O levantamento, feito pelo Instituto Brasileiro de Economia (Ibre) da Fundação Getúlio Vargas (FGV), coloca as/os Assistentes Sociais entre as/os profissionais com menor remuneração, com média salarial de R$ 3.078,00 – um recuo de 7% em relação ao período de 2012. Mas o que isso significa? Por que a remuneração está entre as piores? E de que forma é possível atuar para reverter essa condição?

Como bem argumenta a presidenta do CFESS, Kelly Melatti, o resultado dessa pesquisa possibilita diversas reflexões. E a primeira passa pela origem da profissão de Serviço Social, que está associada à caridade e à ajuda, isso antes dela se tornar regulamentada. “Na década de 1930, a imagem da profissão era associada à caridade. Quase um século depois, uma parcela da sociedade ainda enxerga as assistentes sociais como pessoas que ‘ajudam ao próximo’, o que acaba por desvalorizar uma profissão que é regulamentada”, explica Melatti.
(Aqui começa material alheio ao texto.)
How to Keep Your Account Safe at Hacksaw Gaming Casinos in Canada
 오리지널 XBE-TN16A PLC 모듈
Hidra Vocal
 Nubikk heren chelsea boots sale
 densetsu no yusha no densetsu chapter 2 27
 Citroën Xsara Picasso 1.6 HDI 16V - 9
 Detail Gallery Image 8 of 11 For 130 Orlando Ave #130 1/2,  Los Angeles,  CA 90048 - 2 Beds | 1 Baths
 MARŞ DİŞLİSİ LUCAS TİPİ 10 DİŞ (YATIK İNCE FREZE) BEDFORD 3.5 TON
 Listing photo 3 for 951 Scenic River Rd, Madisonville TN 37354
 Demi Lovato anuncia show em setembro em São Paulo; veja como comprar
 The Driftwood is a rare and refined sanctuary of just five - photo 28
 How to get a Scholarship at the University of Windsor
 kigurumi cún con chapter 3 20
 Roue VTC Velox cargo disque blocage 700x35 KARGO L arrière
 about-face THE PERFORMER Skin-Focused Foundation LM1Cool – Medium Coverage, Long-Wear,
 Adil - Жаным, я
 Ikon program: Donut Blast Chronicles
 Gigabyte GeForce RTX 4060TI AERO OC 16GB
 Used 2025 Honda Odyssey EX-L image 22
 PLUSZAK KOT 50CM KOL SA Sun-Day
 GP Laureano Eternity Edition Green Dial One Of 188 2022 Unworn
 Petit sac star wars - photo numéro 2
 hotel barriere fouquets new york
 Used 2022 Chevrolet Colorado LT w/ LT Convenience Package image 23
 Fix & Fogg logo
É o que também destaca a agente fiscal do CRESS-ES, Sislene Pereira Gomes, ao argumentar sobre a divisão sexual do trabalho, e que estabelece às mulheres a função social do cuidar. “Uma função que sabemos ser desvalorizada, não reconhecida na sociedade capitalista-patriarcal em que vivemos. As ditas profissões feminizadas (predominantemente ocupadas por mulheres) numa sociedade patriarcal, são vistas com um caráter ‘missionário’, altruísta, em detrimento do reconhecimento do trabalho técnico, especializado”, argumenta Gomes.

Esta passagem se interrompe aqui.